“. . . what will be left of me when all the destruction is over?”
–The Smile of the Lamb
In the lounge of a midtown Manhattan hotel, David Grossman checks his cell phone. Tourists slouch all around him, exhausted from their day’s labors, surrounded by shopping bags, collapsing into their cocktails. Even seated, though, Grossman, 48, seems wired with energy. His eyelids are heavy with jet lag, but his boyish eyes, magnified under wire-framed lenses, are more alive than anything else in the room. He talks about the role of kids in his novels. (“We are all little congealed children,” he says in slightly Hebrew-accented English, vowels tightened, consonants blurred, “and I want to melt that.”) A phone rings somewhere, and Grossman checks the little blue Motorola sitting on the table in front of him. He talks about his years in radio, beginning when he was 9, acting in radio dramas; something beeps a few tables away, and Grossman checks his phone. He talks about the Israeli peace movement (“There are very few of us left,” he jokes. “This is why it‘s called left.”); something beeps again, and Grossman checks his phone. He talks about his years in the military, and this time it is his phone beeping, but the phone is a loaner, and he can’t figure out how to answer it.

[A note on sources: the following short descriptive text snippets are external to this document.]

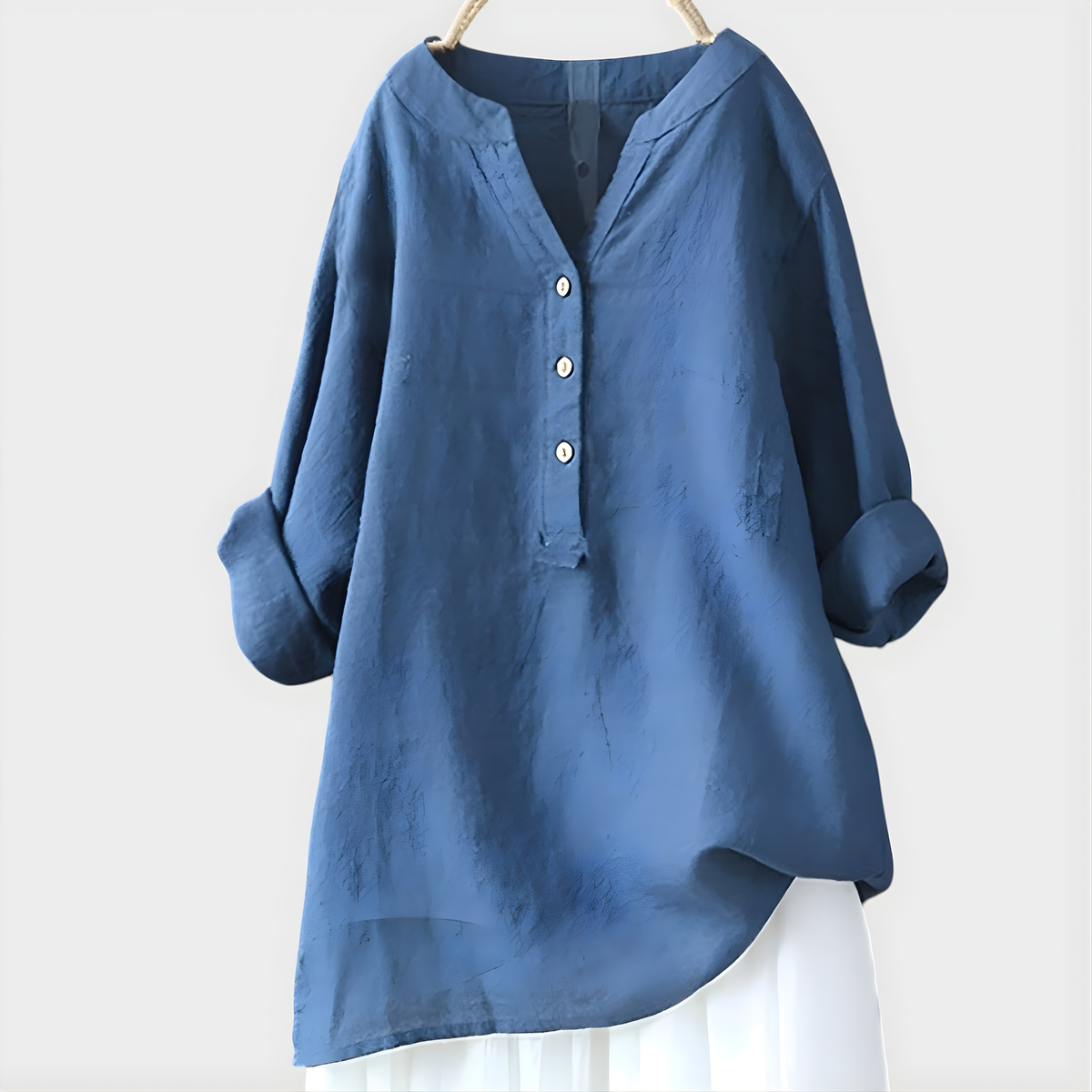 Lora | Blusa in cotone e lino con scollo a V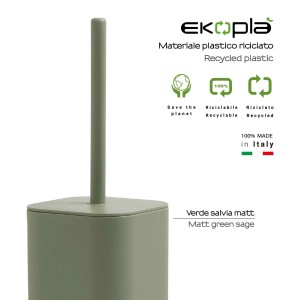 Scopino bagno Seventy Ekoplà in materiale plastico riciclato verde salvia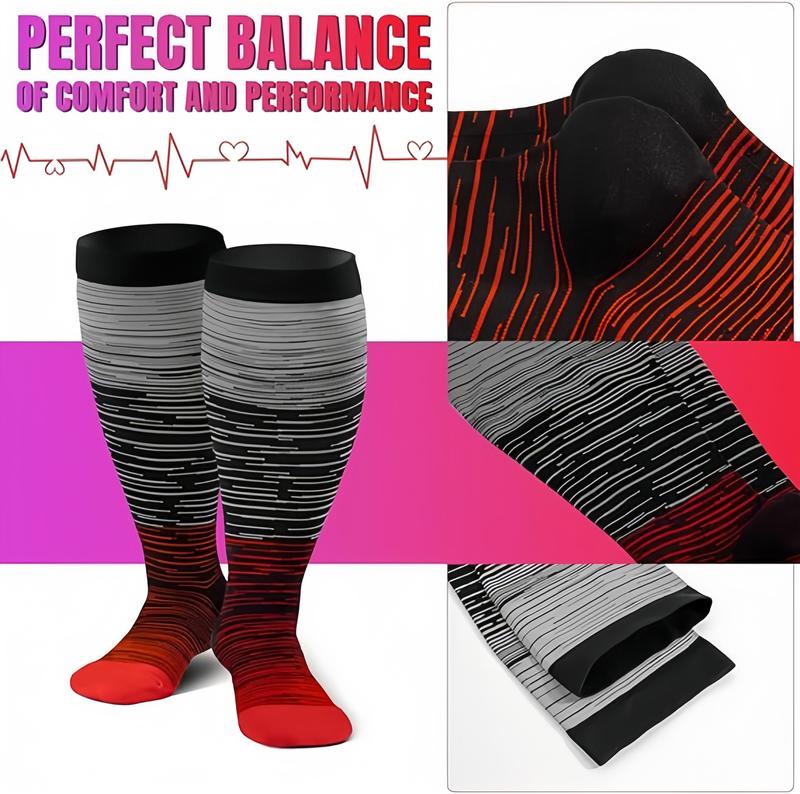 ISUNIE Plus Size Compression Socks Stripe Extra Wide Calf Women&Men for Running Climbing Hiking,Christmas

It‘s been exactly six months since September 11, and the televisions behind us are broadcasting images of an all-too-familiar tsunami of ash cascading through the financial district, and of George Bush offering homilies. The day before yesterday, 13 Israelis were killed, 11 by a suicide bomber in Jerusalem, two by a pair of gunmen in Netanya. Tomorrow we will learn that the Israeli Defense Force killed 31 Palestinians in Ramallah and Jaba–lyah. Grossman tries to figure out what time it is in Jerusalem, if his wife is home yet, and safe. “Because of the jet lag, I still wake up at 4 o’clock,” he says. “I open to CNN immediately. And the hours when my son is going to school and coming back, all the time, I write with CNN [on], which is horrible.”
Whether at home or here in New York, on a quick four-city book tour for Be My Knife, his latest novel to be translated to English, he is always, he says, mentally tracking his loved ones‘ movements. “There is no spontaneousness,” he says, stumbling over the word slightly. “We live in fear. When we go to a restaurant once in a long while, one eye is always on the door. When we send our children to school, we accompany them or we drive them. It means nights that you do not sleep out of anxiety. Fear shrinks the soul.”

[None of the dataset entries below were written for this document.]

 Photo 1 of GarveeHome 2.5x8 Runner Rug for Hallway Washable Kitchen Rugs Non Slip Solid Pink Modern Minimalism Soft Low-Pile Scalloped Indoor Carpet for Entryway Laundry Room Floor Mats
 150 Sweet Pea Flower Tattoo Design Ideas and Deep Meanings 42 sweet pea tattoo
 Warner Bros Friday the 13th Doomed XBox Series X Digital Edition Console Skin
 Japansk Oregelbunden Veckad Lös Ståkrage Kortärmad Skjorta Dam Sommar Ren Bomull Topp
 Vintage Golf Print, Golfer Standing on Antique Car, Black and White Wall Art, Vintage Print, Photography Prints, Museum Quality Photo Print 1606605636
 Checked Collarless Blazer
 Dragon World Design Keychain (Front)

Grossman leans over the table as he speaks. His body, small-framed and almost military in the efficiency of its movements, disappears, and it’s his head that you notice, like a turtle‘s, alive and always in motion. “You live so many years in violence, in fear, in hatred,” he says, “you give away parts of yourself — and maybe they are the most important parts, and maybe it is irreversible.”

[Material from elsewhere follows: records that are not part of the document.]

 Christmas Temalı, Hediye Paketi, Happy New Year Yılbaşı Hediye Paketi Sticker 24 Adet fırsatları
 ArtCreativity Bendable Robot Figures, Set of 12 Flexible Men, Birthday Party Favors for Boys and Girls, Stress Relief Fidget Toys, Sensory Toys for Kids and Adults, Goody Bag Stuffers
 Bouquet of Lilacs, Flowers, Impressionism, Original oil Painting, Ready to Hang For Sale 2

If he often writes about what Israelis call “the situation” in newspapers and magazines, Grossman hasn’t confronted it overtly in his fiction for more than a decade, not since his first novel, The Smile of the Lamb, which was explicitly about the occupation. Since then he‘s written five novels, as well as two volumes of nonfiction, a play and numerous children’s books. His second book, See Under: LOVE, is a Holocaust novel like no other, beautiful and profound and heartbreaking, about a little boy who tries to re-create “the Nazi beast” in a Tel Aviv basement, a writer in the Warsaw ghetto who is transformed into a salmon, and a concentration-camp inmate who cannot die, who takes his revenge on the camp‘s commander by spinning stories so lovely and terrible that they melt his calcified heart, destroying him. Grossman followed with The Book of Intimate Grammar, a sweet but devastating novel about coming of age (or failing to), the lighter The Zigzag Kid, and Someone To Run With, a novel not yet available in English about homeless children in Jerusalem and, as Grossman puts it with a smile, “about love, music and crying — all the good things.”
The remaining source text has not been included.